The boom in the M&A markets between 2004 and 2007 has to a substantial extent been fuelled by the unprecedented rise and rise of Private Equity (PE) deals. An industry that was a relatively marginal element of our economy only ten years ago has thus become increasingly significant. While individuals are generally still not able to invest in PE funds directly, there are numerous ways in which PE matters to ordinary investors and people generally. An increasing percentage of our pension funds are invested in PE. By some estimates almost three million jobs are in private equity owned companies. And the industry has kept a plethora investment bankers, lawyers and accountants busy, thereby contributing substantially to the recent success of the country's financial services industry.

In the May edition of MoneyMarket we concluded that while the finance for the mega-deals has for the time being dried up, there are plenty of reasons to conclude that PE as an important asset class is here to stay, not least given that there is still plenty of money invested in the funds.
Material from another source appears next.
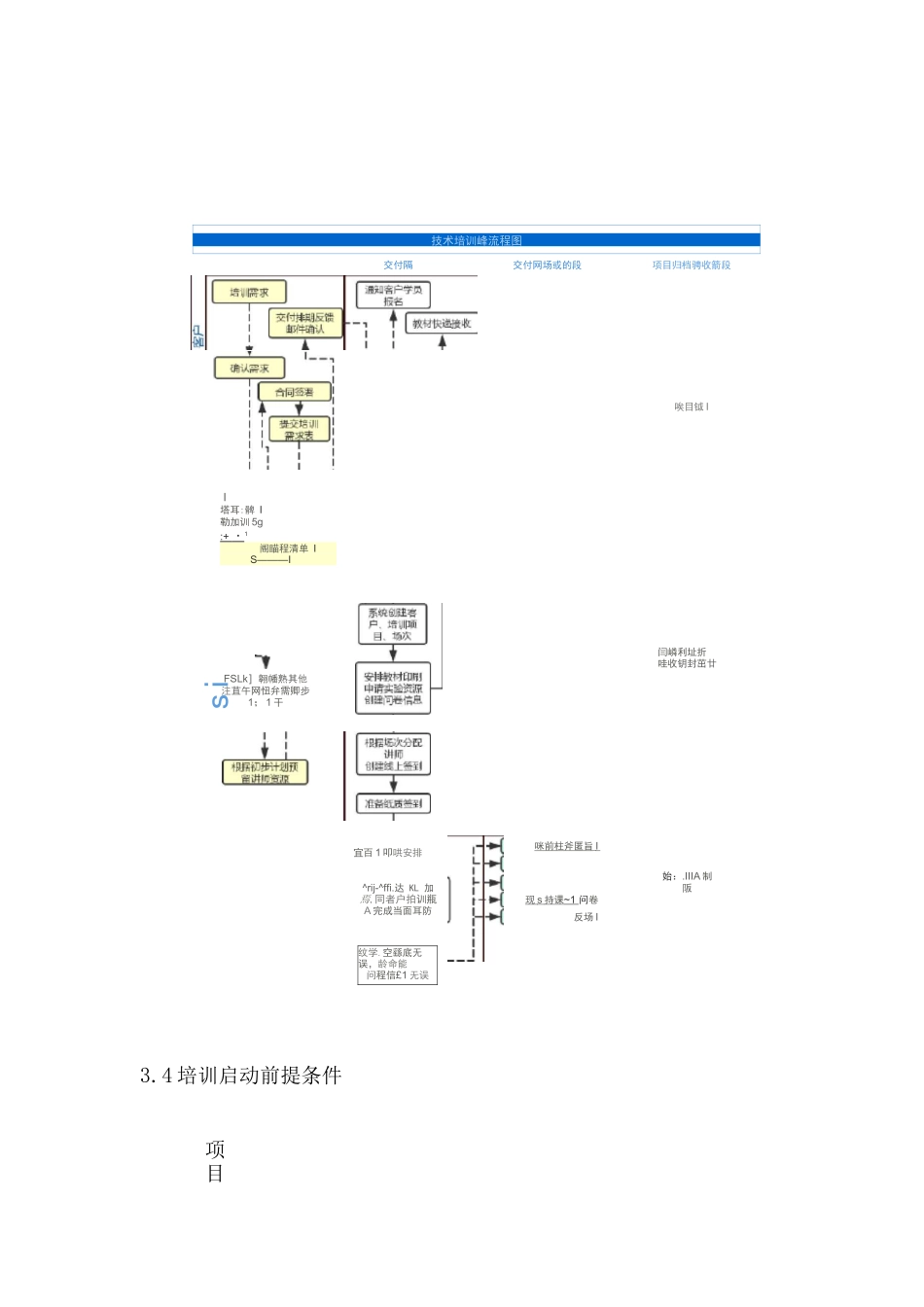 网络技术培训整体计划方案_第2页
So what are the trends likely to be in the near future?

First, PE is already in the process of shifting its attentions from mature western to emerging markets, in particular Eastern Europe and Asia. The trend is also likely to continue to move away from highly leveraged (and often syndicated) mega-deals. The mid-market is where the action is at the moment.

Within this market, and in keeping with the spirit of the times, many expect that the alternative energy sector will be the next investee industry of choice. Trade sales will continue to be the most likely exit route from investments, with IPOs a distant second.
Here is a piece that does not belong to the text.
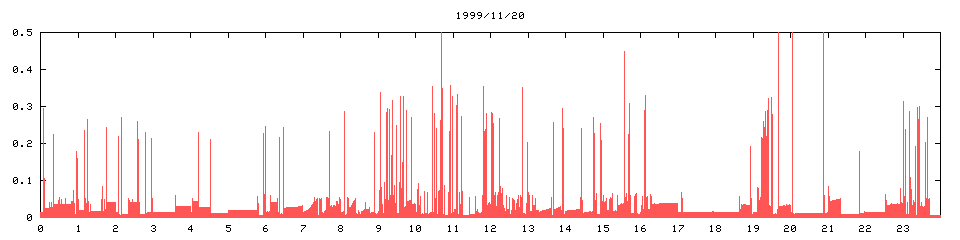 1999/11/20,   2161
As far as third party funding is concerned, the banks, which are currently holding back as a result of the credit crunch, will at some stage, have to come back to the table and start lending again. After all, that is their business. When they do return, they are likely to find that the lucrative PE territory no longer belongs to them exclusively. Debt will increasingly be provided by alternative lenders, such as sovereign wealth and hedge funds. The resulting competition will provide a fillip to the PE market.
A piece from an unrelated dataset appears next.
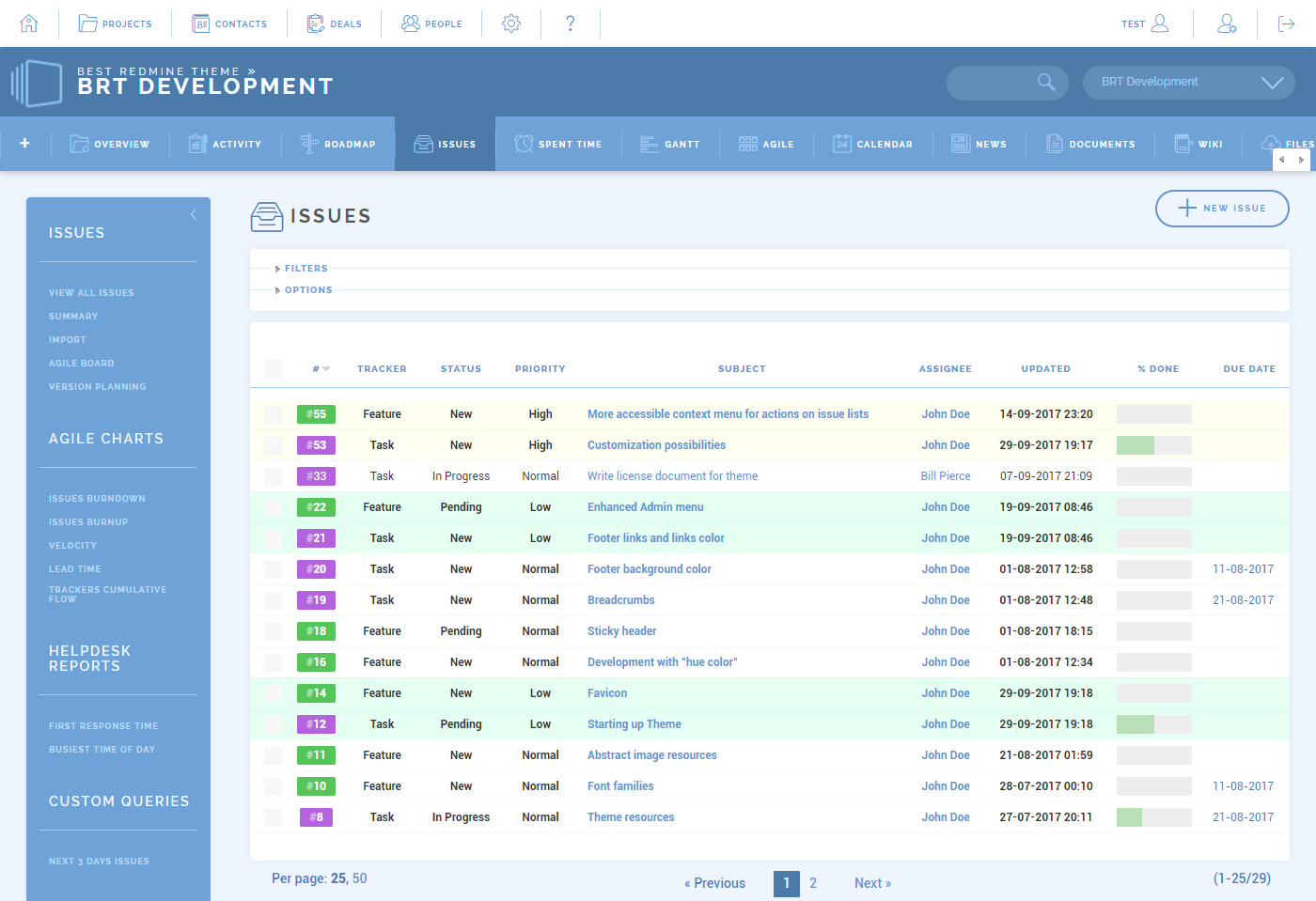 redmine main dashboard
Finally, all across the world, there will be continued pressure to have the PE industry more heavily regulated. PE has come under scrutiny in many countries due to its opaque structures and perceived lack of transparency. High returns for investors and executives alike, coupled with job losses at investee companies in certain instances, have resulted in PE funds being viewed by some as less than ideal corporate citizens. In Germany, they were famously labelled as "locusts".

The PE industry in the UK has so far been left to self regulation. The Walker Report, commissioned by the British Venture Capital Association (BVCA), has recommended publication of annual accounts of investee companies disclosing the identity of the PE investors who own them, as well as their board structure and also requires the provision of data to the BVCA in order to allow it to assess the economic impact of the industry. In addition the report has asked for more transparency in the reporting of funds' performances.

Market participants would be well advised to heed the recommendations, lest the heavier hand of legislators across the EU comes to bear. Such regulation could deprive PE of one of its main competitive advantages, namely the opportunity to focus on achieving growth in the medium term without the need for continued disclosure required of publicly listed companies.

This article appeared in the June edition of MoneyMarket.